Nas reuniões anuais, as mulheres usam o espaço para comemorar as conquistas e apontar o que ainda precisa ser feito. “Uma das coisas que discutimos no último encontro é o fato das representações serem majoritariamente masculinas”, diz Thais Cristine Caetano, enfermeira da Secretaria Especial de Saúde Indígena (Sesai) e uma das organizadoras das plenárias. “Os caciques são homens e as lideranças são compostas na maioria por homens também”.

A enfermeira Creonice Marcolino da Silva, irmã de Creides, foi a primeira agente de saúde indígena no posto aldeia Nimuendaju. Desde então, viaja com frequência para participar de conferências indígenas e depois divide sua experiência com as companheiras. “Com o tempo, fui estudando e ganhando espaço profissional”, conta ela. “Pude contribuir para trazer mais indígenas ao quadro de colaboradores. Hoje somente a dentista e a farmacêutica não são do nosso povo”.
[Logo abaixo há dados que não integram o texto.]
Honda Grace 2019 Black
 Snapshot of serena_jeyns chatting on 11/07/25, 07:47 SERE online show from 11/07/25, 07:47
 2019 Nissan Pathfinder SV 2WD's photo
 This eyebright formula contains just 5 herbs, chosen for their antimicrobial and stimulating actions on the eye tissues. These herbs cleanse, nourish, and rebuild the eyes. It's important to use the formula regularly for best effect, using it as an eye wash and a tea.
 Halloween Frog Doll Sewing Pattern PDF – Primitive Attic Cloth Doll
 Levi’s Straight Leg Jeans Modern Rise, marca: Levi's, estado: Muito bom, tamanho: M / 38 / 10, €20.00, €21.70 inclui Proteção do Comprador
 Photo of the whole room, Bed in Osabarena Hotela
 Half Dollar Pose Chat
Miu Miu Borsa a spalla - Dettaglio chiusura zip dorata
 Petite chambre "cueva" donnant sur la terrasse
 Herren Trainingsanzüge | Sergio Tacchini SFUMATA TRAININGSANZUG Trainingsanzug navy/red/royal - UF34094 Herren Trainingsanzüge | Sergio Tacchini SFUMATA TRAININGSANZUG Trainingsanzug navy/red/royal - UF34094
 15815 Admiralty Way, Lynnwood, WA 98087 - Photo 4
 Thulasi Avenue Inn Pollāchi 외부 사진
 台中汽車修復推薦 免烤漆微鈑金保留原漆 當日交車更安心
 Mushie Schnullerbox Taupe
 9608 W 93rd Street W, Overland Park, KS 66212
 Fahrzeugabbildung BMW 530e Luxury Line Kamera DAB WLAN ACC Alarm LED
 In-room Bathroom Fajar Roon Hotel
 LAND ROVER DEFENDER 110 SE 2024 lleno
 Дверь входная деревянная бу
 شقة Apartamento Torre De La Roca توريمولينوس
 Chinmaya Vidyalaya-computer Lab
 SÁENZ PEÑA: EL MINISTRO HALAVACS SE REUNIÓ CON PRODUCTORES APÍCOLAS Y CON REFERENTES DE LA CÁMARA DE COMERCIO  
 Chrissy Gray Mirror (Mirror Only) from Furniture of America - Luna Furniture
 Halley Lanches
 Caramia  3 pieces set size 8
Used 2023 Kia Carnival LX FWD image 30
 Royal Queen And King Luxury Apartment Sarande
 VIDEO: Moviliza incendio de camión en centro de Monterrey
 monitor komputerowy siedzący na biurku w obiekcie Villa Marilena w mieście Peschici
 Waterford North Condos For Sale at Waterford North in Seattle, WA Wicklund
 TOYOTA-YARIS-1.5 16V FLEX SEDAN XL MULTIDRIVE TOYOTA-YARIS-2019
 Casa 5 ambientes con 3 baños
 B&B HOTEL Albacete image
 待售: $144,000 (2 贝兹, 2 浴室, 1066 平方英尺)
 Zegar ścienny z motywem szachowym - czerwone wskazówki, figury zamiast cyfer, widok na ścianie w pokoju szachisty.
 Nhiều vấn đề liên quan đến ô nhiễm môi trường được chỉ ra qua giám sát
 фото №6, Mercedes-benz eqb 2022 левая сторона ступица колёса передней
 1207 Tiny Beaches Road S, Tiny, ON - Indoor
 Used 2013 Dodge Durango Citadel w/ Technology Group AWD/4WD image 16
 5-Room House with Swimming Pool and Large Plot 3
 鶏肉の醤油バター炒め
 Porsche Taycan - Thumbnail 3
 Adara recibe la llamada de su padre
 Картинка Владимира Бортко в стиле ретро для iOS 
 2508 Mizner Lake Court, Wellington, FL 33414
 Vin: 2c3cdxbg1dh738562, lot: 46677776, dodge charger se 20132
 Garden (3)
TRADIÇÕES ANCESTRAIS NO CURRÍCULO ESCOLAR

A revitalização do processo cultural da TI tem sido um dos principais pontos defendido pelas mulheres. “Na plenária de 2018, abordamos maneiras de exercitar a cultura dentro das casas e na escola”, diz Thais. Ela explica que como a comunidade fica próxima da cidade, a 36 quilômetros de Bauru, não raro a identidade indígena da TI é colocada em xeque: “Ainda está muito presente na mente das pessoas a ideia que nós temos de viver nus, caçar com artefatos e comer só mandioca. Por isso, damos tanto valor à manutenção dos nossos costumes”. 

Primeira mulher a nascer na TI Araribá, Creides promove o ensino de tupi-guarani na comunidade. (Fotos: Acervo Aldeia Nimuendajú)

Irinéia destaca que a maioria dos moradores da TI tem de trabalhar em fazendas para garantir o sustento da família. Muitos se mudam temporariamente para outro estado, contratados para o período de colheita. “Meu marido, por exemplo, fica 70 dias fora e volta. Depois fica mais dois meses longe”.

Diante desse cenário, as crianças dependem da escola para aprender sobre os saberes ancestrais. “Uma das nossas principais lutas é perpetuar a herança cultural, como fala, canto e escrita”, afirma Creides. Junto a outras educadoras, ela liderou a confecção e lançamento de dois livros em tupi-guarani, um sobre gramática e outro sobre a mitologia indígena da criação do mundo. “Dos 103 moradores da aldeia Nimuendajú, metade fala tupi-guarani e metade entende ou tem algum tipo de proximidade. Queremos aprimorar o ensino formal da língua”.

Os ensinamentos vão além da sala de aula. A aldeia abriga o Centro Cultural Claudio Marcolino Osório, espaço onde uma vez por semana, às sextas-feiras, alunos deixam a sala de aula para aprender com os mais velhos a preservar suas tradições e costumes. “No Centro Cultural, eles andam pelo mato, cantam, comem tatu feito com preparo típico, montam armadilha de caça”, relata Creides. “É importante vivenciar esses momentos que não fazem parte do dia a dia por conta da correria dos pais”.

Um dos principais objetivos desse trabalho é fazer os alunos se apropriarem do território. Creides divide essa experiência com as educadoras das outras aldeias. “Eles precisam se reconhecer como indígenas para lutar pelo seu espaço, por sua terra”.